- WORK ITEM
For the data that follows, print the line with "#blanc Tableau de", the line with "Room for Rent (Male employee)", and all lines between them, exactly as they stand. Omit pictures and add nothing.

- EXTRACTED ENTRIES
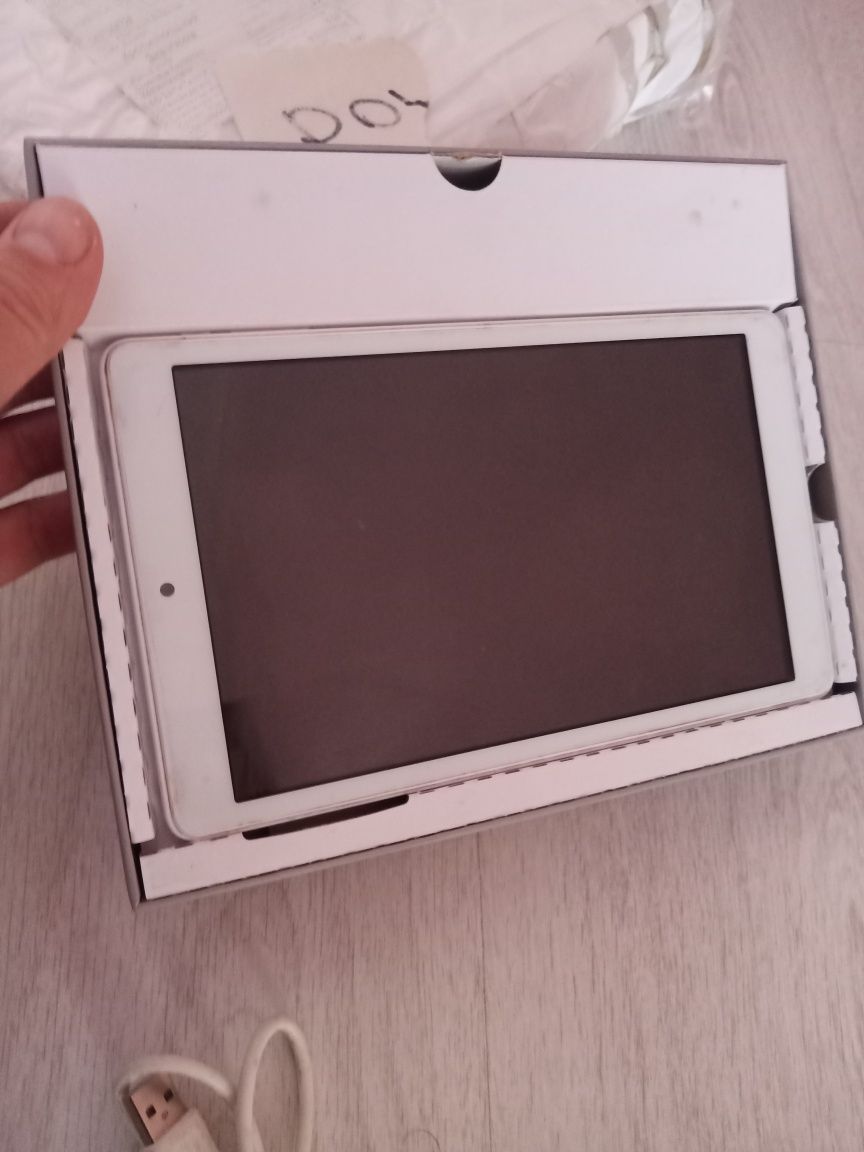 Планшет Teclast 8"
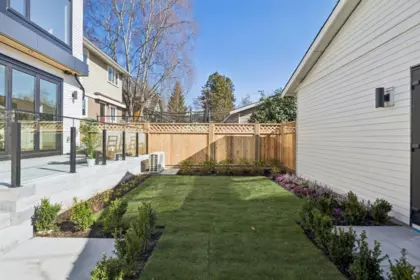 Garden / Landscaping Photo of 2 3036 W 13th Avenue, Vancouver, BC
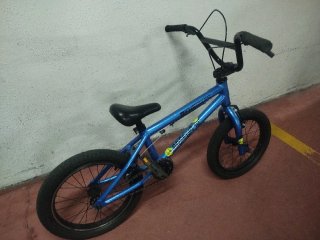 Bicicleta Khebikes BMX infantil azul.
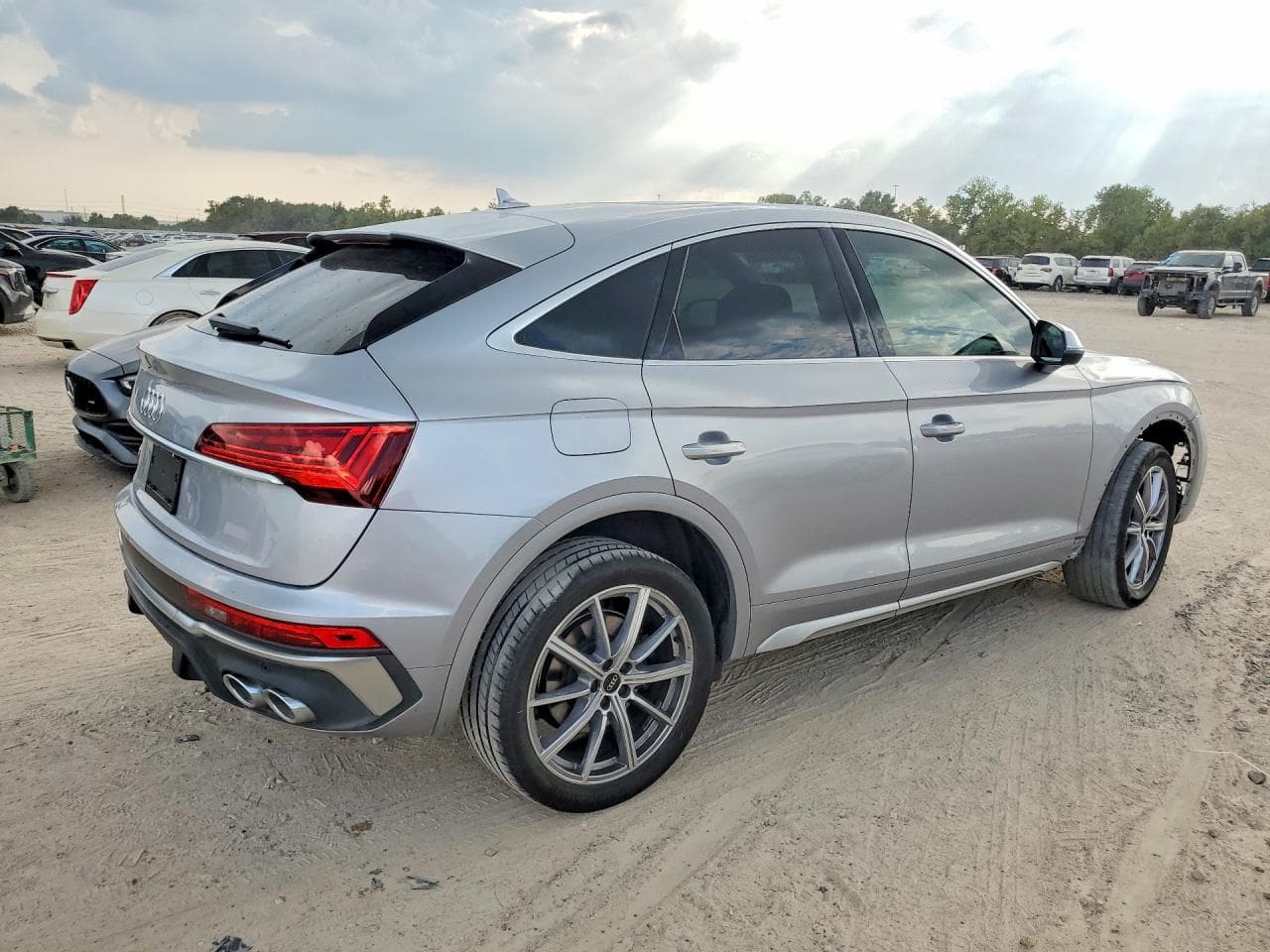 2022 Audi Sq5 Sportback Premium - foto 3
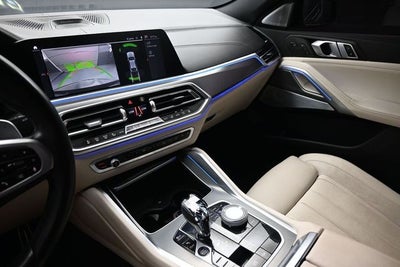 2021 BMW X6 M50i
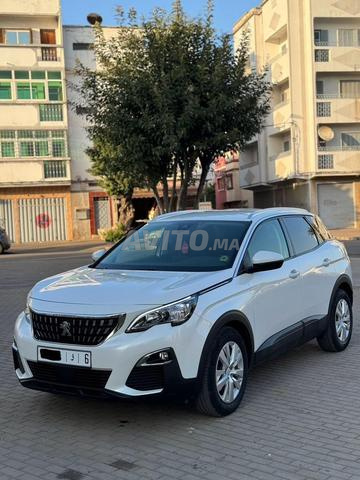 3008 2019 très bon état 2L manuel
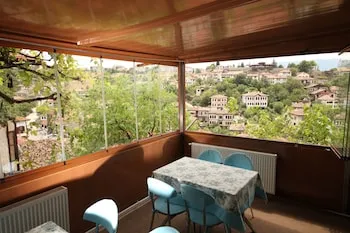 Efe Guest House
--
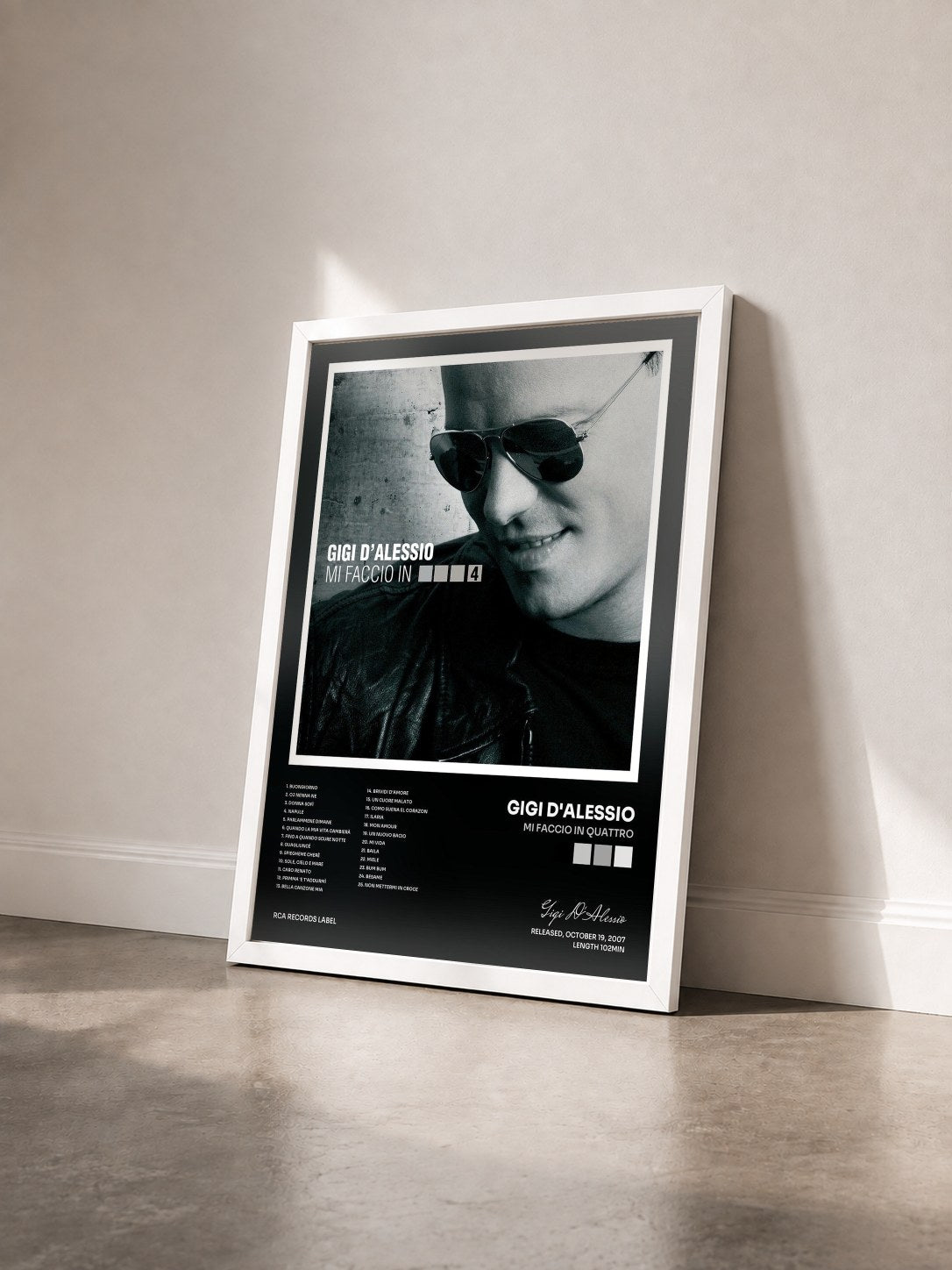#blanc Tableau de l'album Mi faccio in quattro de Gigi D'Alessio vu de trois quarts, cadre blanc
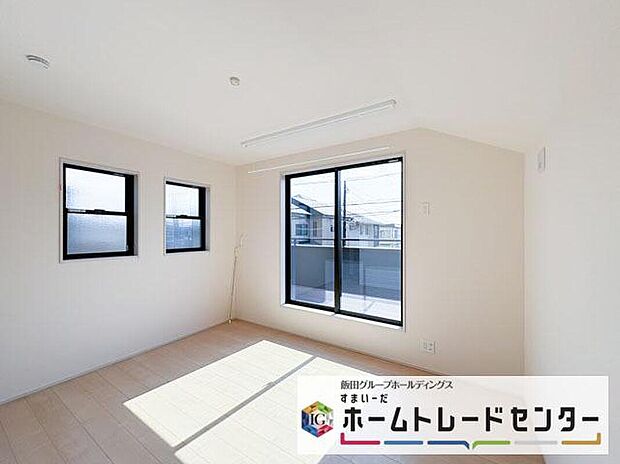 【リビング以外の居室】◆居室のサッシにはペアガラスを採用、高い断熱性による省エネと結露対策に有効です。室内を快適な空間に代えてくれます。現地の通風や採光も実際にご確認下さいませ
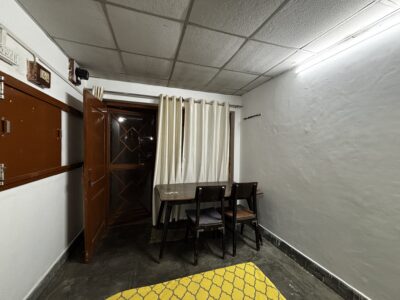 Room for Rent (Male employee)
==
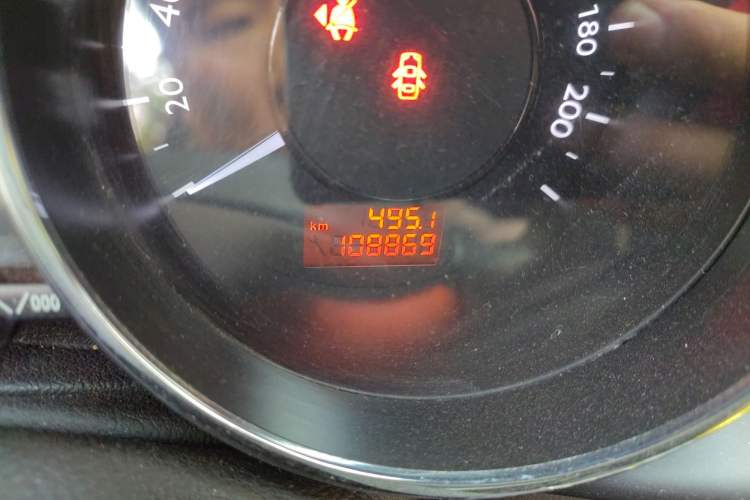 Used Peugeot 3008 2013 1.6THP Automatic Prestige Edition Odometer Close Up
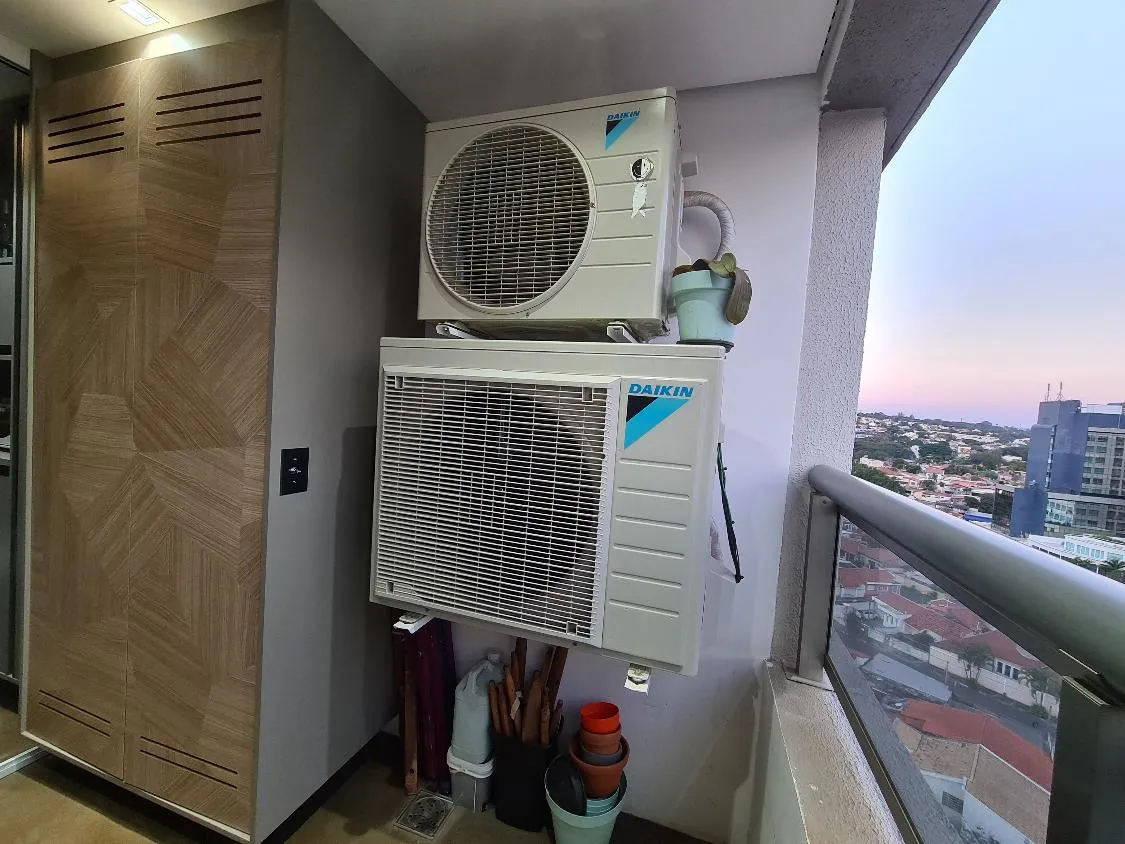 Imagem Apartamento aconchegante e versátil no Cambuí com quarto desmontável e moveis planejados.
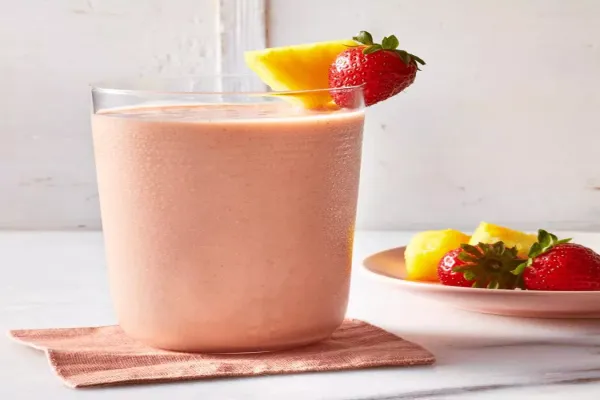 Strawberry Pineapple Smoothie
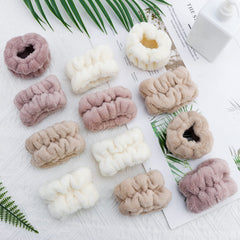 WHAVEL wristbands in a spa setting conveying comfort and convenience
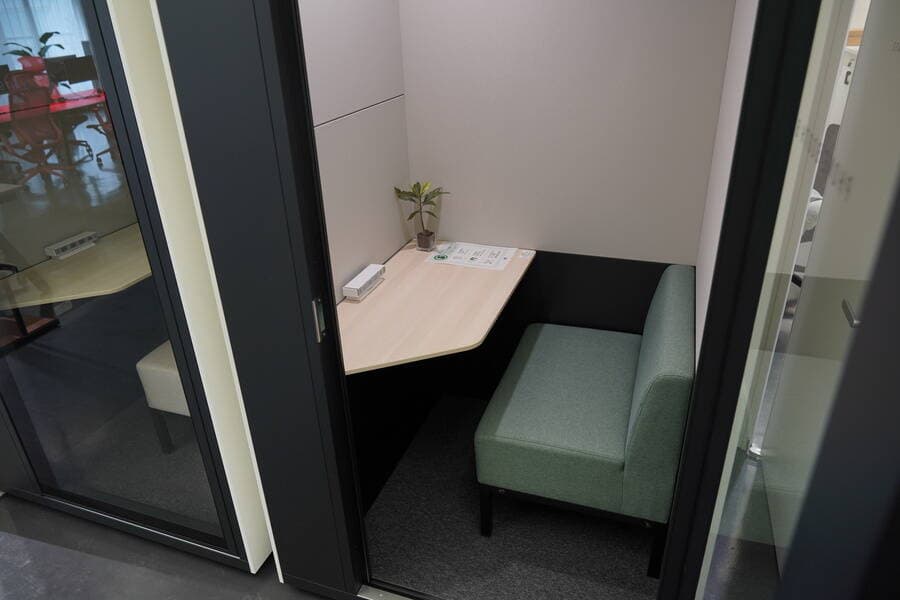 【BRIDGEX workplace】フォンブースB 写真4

- RESPONSE FOR THIS EXERCISE
#blanc Tableau de l'album Mi faccio in quattro de Gigi D'Alessio vu de trois quarts, cadre blanc
 【リビング以外の居室】◆居室のサッシにはペアガラスを採用、高い断熱性による省エネと結露対策に有効です。室内を快適な空間に代えてくれます。現地の通風や採光も実際にご確認下さいませ
 Room for Rent (Male employee)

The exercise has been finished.